* **TASK GOAL**: Without the images, write out the whole listing exactly.

* **DATA SHOWN**:
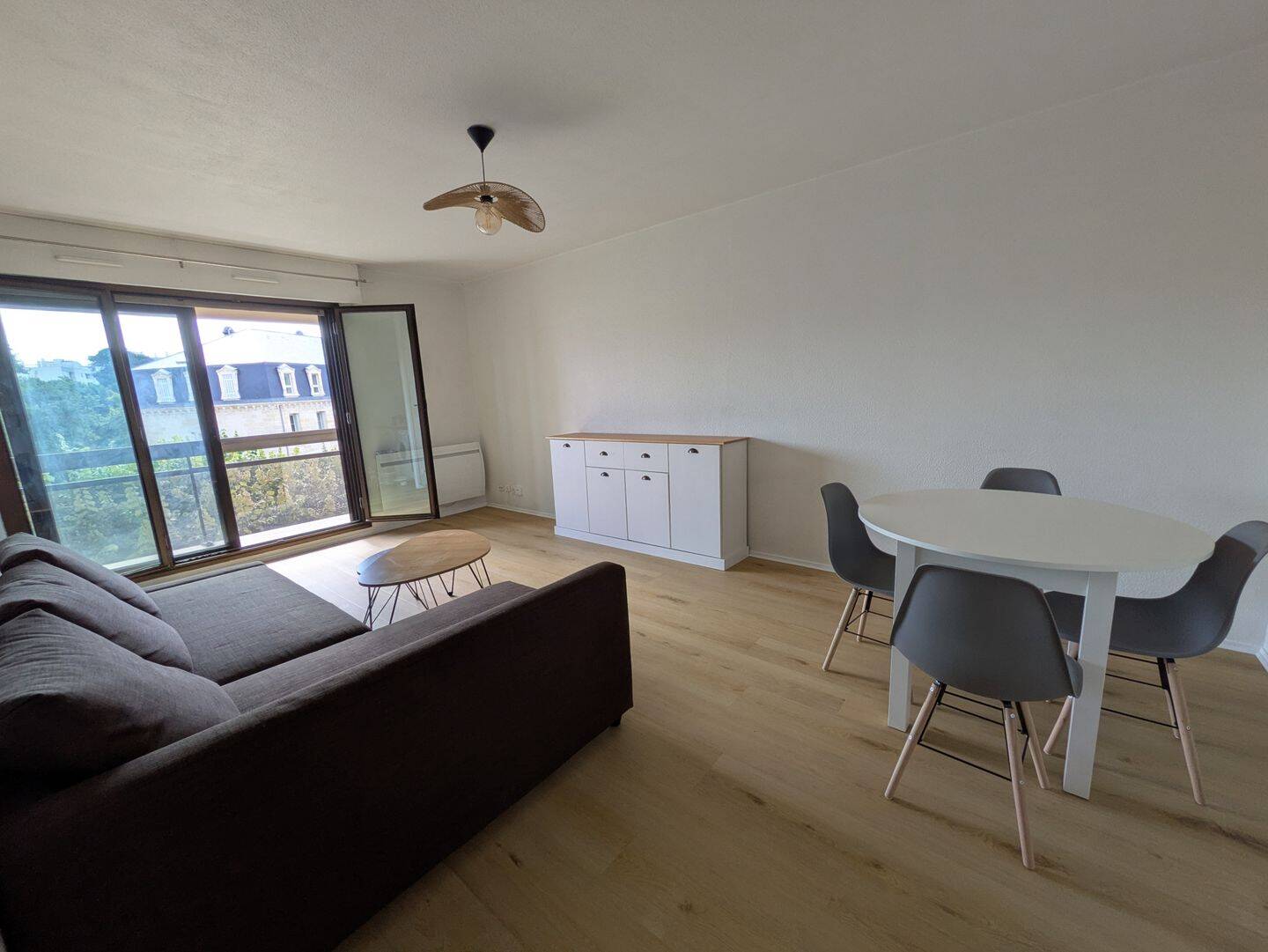 Appartement 2 pièces 47 m² · à Le Bouscat · 46,8 m² · 770 €/mois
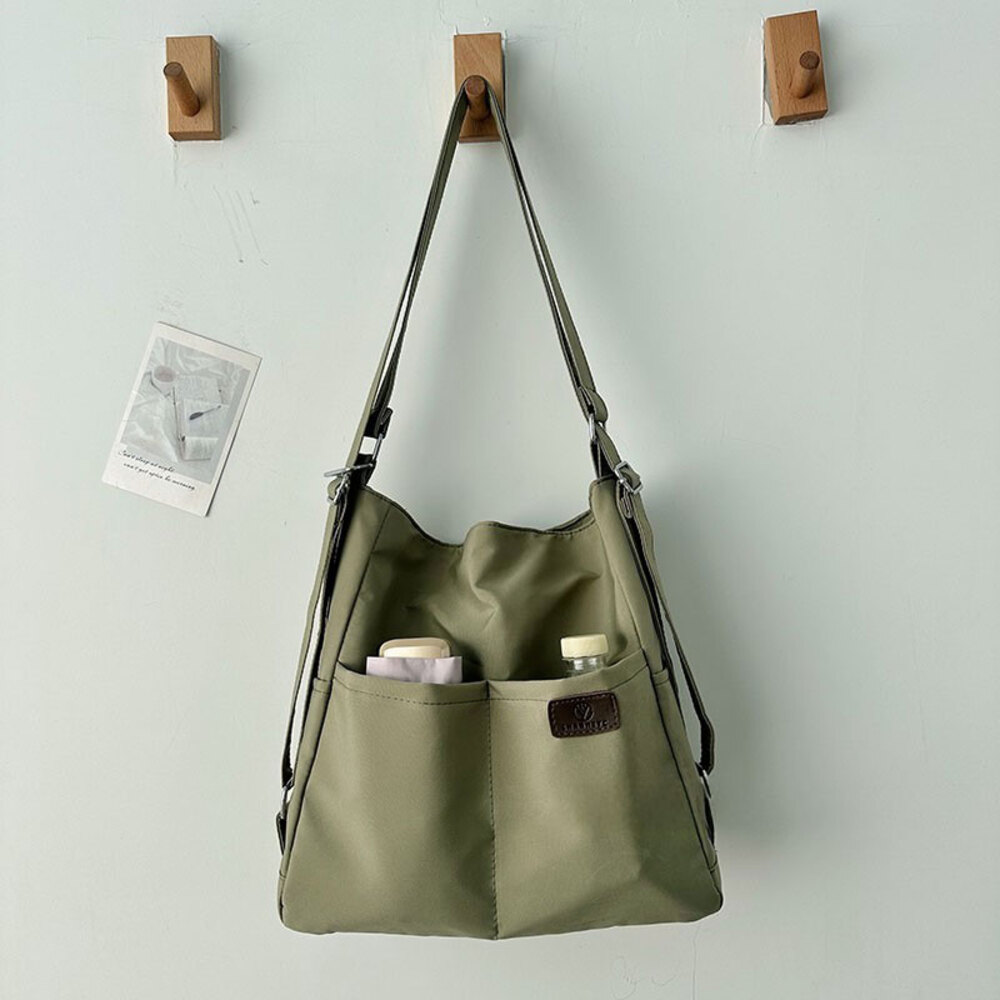 リュックにもなる 3wayバッグ 通販 ショルダーバッグ リュックサック トートバッグ ショルダーバック トートバック 肩掛けバッグ リュックにもなる |  | 04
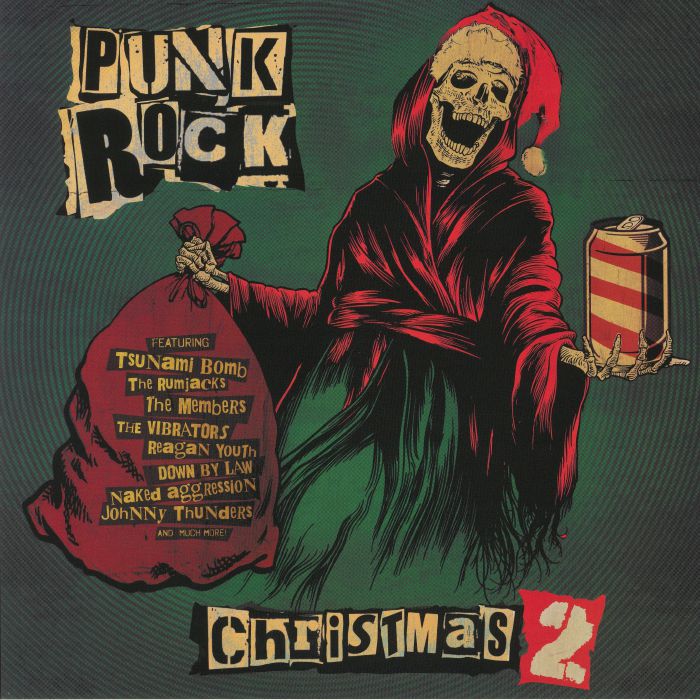 VARIOUS - Punk Rock Christmas 2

* **REPLY TO THE EXERCISE**:
 Appartement 2 pièces 47 m² · à Le Bouscat · 46,8 m² · 770 €/mois
 リュックにもなる 3wayバッグ 通販 ショルダーバッグ リュックサック トートバッグ ショルダーバック トートバック 肩掛けバッグ リュックにもなる |  | 04
 VARIOUS - Punk Rock Christmas 2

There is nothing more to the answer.